I couldn’t understand how my parents could sit there and listen to those talking heads drone on and on about this and that. None of it affected me, so I could not have cared less.
Things are different now. I guess that means I’m becoming my parents because I find that I do care about the things those talking heads drone on about now. I check out CNN.com a few times a day just to see what’s going on in the world. I don’t linger too long, though, because it quickly gets overwhelming. There’s so much going on everywhere, and most of it’s just not good. Seeing the constant footage of the oil leaking into the ocean just breaks my heart. Watching all the red tape tangling up the solution to it frustrates me to no end. I feel helpless to do anything at all.
I find this year that July 4th has not affected me the way it once did.
I grew up a very patriotic person, and I looked forward to celebrating freedom and liberty. As a kid, I loved waving lighted sparklers. That is until it burned so closely to my fingers that I dropped it on the lawn, and my dad panicked, afraid I would set the whole yard on fire.
I grew up proud to be an American. I grew up believing that America was the greatest nation on the planet, and that God’s hand was upon her. If I am honest, my opinion is wavering just a bit.
That’s not to say that I have found anywhere any better. I haven’t. But in the past it seemed that so many other countries wanted to be us. We set the bar high, and others were scrambling to meet it. I don’t so much see that anymore. What I see is America lowering the bar and closing the gap between it and those, well, lesser countries. How much longer will the world look to us in admiration? I think heads are already turning away.
I wonder if my kids feel pride at all in their country. Do they understand what we celebrate today? Do they understand what it took to make that happen? Do I? We are a unique people, Americans. Or we used to be.

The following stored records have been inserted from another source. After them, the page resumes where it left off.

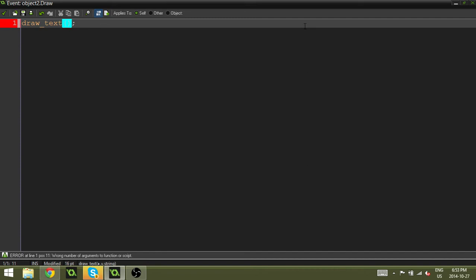So for the x, we're just going to hit x. And for the y, we're just going to put y. And all that's going to do is it's going to draw the text wherever we place this in the room.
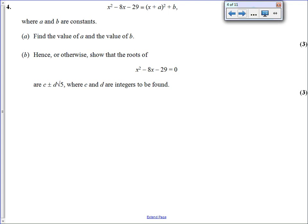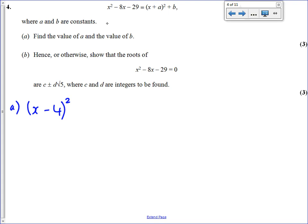Question 4 caused a lot of confusion, because all it's asking you to do is complete the square. A lot of you didn't realise that — whenever you see a question asking you to write an expression in that form, it is a completed square question. To complete the square, we halve the coefficient of x, so we write x minus 4 squared. That's half of minus 8. Then we work out what to add or subtract: x minus 4 squared expands to x squared minus 8x plus 16. We don't want plus 16, we want minus 29, so we subtract 45. So a is minus 4 and b is minus 45.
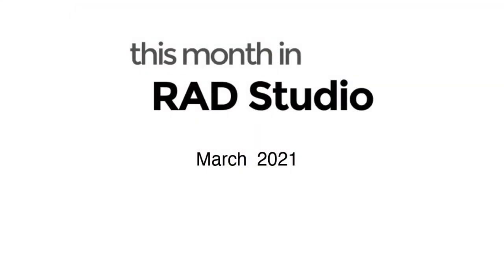This month in RAD Studio we have the 10.4.2 release, the extended Delphi 26th birthday promotion from Embarcadero, the tea, coffee and code chat show podcast, and an update on the DPM package manager.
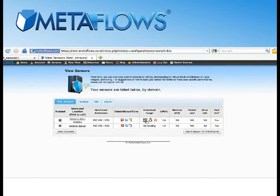Once it is, just log back into Metaflows, download the image, and install or deploy it.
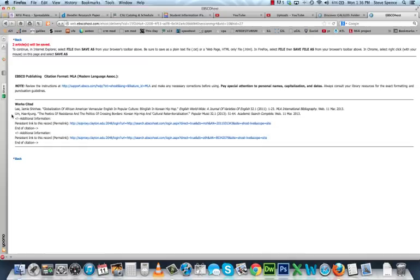Now I've got two sources to follow up on. One was available in full text, which was great, but the second one wasn't. As I mentioned, there's a quick way to get those kinds of sources, and I'll focus on that in the second tutorial. Thank you.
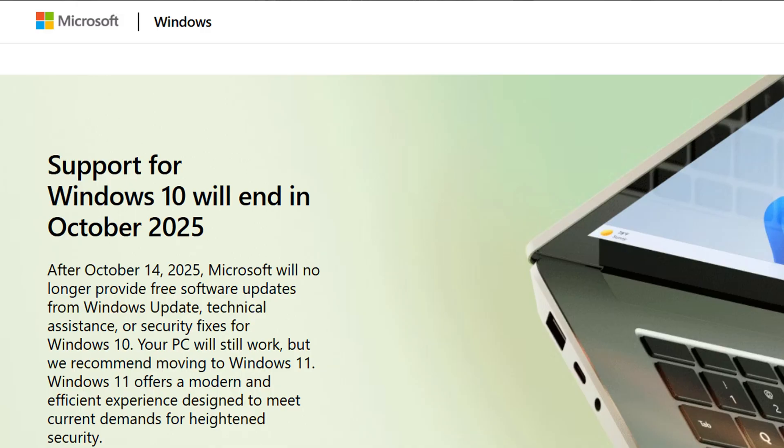As you probably know by now, support for Windows 10 ends on October the 14th, 2025. That's about five weeks away as of the recording of this video.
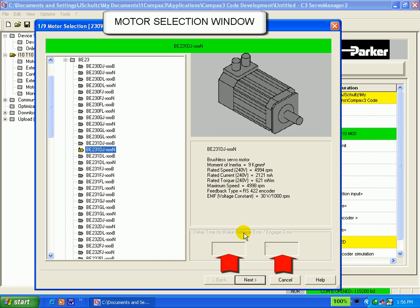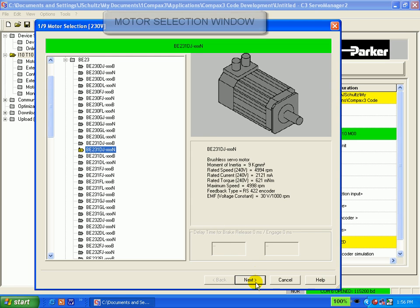You can change these values if you like, but the numbers you see are already pre-configured in the database. So the need to change them is unlikely, but I will remain with the BE231DJXXXN and click next.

The world has become so much smaller as we are able to share information globally in milliseconds now, and it seems that it has blurred the lines between what makes America great and what makes others, well, less than great. It’s true that we are a melting pot of people here. But we are different. We are scrappers, and climbers. We are innovators and achievers. We are determined and steadfast… Aren’t we? Weren’t we? I thought we were. I hope we still are.

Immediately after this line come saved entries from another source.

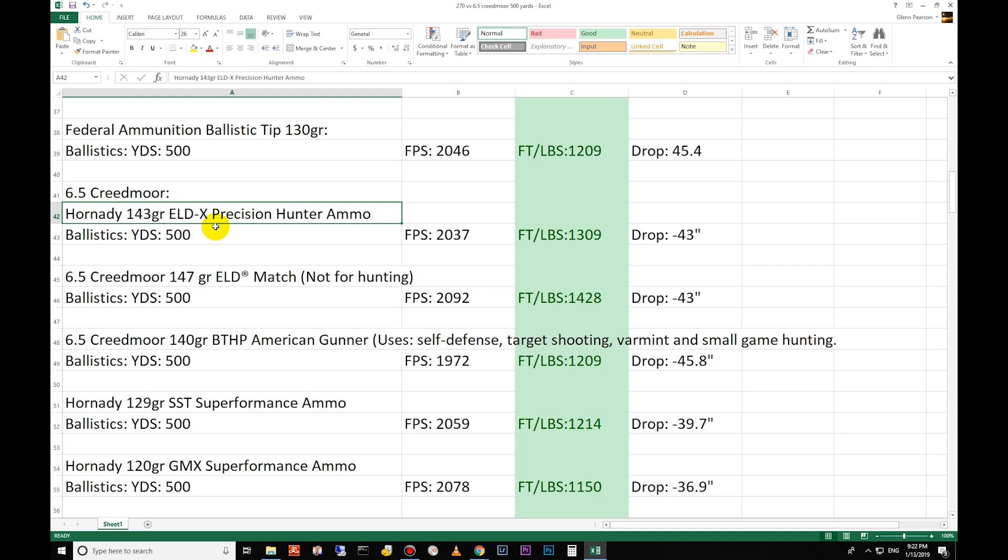They were a competition load for target - they were not designed for hunting originally. But many people used them because they had such high efficiency, they had a lot of down-range energy and they would dump all that energy into the animal. The problem is they wouldn't penetrate very well because they would break apart. The ELD-X bullets are different because they have an interlock ring inside there that keeps it together.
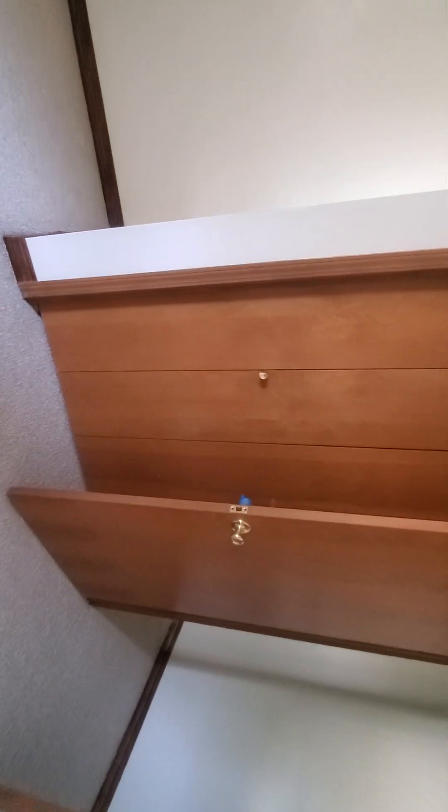This is bedroom number one. And bedroom number two.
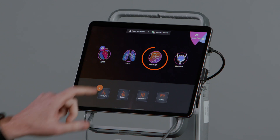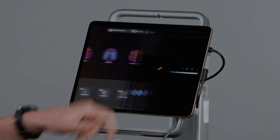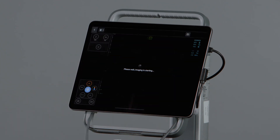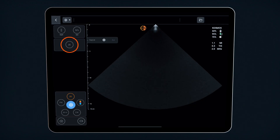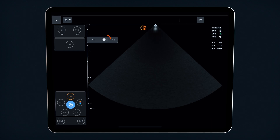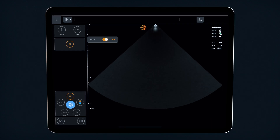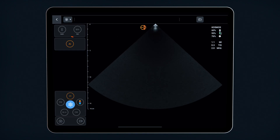First, select the abdominal preset. To enable AI-FAST, tap the AI icon on the left panel. Then toggle on FAST AI, and this will enable the AI highlighted in orange.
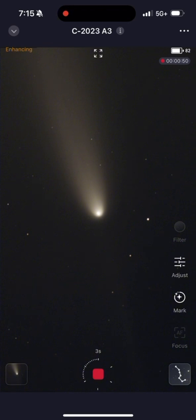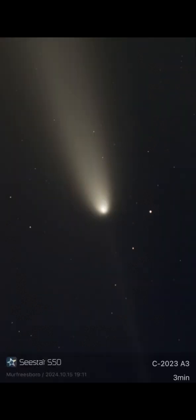We cannot believe that we got to see the comet sitting in our living room from the Seastar. That's how powerful it is. Stay tuned to the end of the video to see the final picture.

I know my parents probably listened to those talking heads back when I was a kid, and worried that the cold war would turn hot. That Russia might one day just launch some of those nukes right at us. When a President faced impeachment, and gas lines grew long, I’m sure they prayed hard and wondered what was becoming of America. But every year, the Fourth of July would roll around, and we’d make homemade hand-cranked peach ice cream, cut a watermelon, and go see the fireworks with friends. We’d celebrate all that still made America great.
So that’s what I’m going to do.
I’m going to celebrate the freedom that wasn’t free, eat some ice cream, go see the fireworks with family and friends, and try to hold onto a sparkler until it burns out. Then at the end of the day, I’m going to pray for God’s hand to stay firmly on this still young country, that His grace and mercy will cover a multitude of sins, faux pas, and foolishness, and that our leaders will honor all that was sacrificed for the freedom we take for granted most days.

One thought on “Celebrating the Fourth

  1. Things are uncertain these days. But thankfully I can trust in a God who is present all the time. It allows me to celebrate our freedom here in the good ‘ol USA because I have real freedom in Christ. For us today it was hotdogs, potato salad, and all kinds of sweet goodies– and fireworks off the back deck! God bless the USA!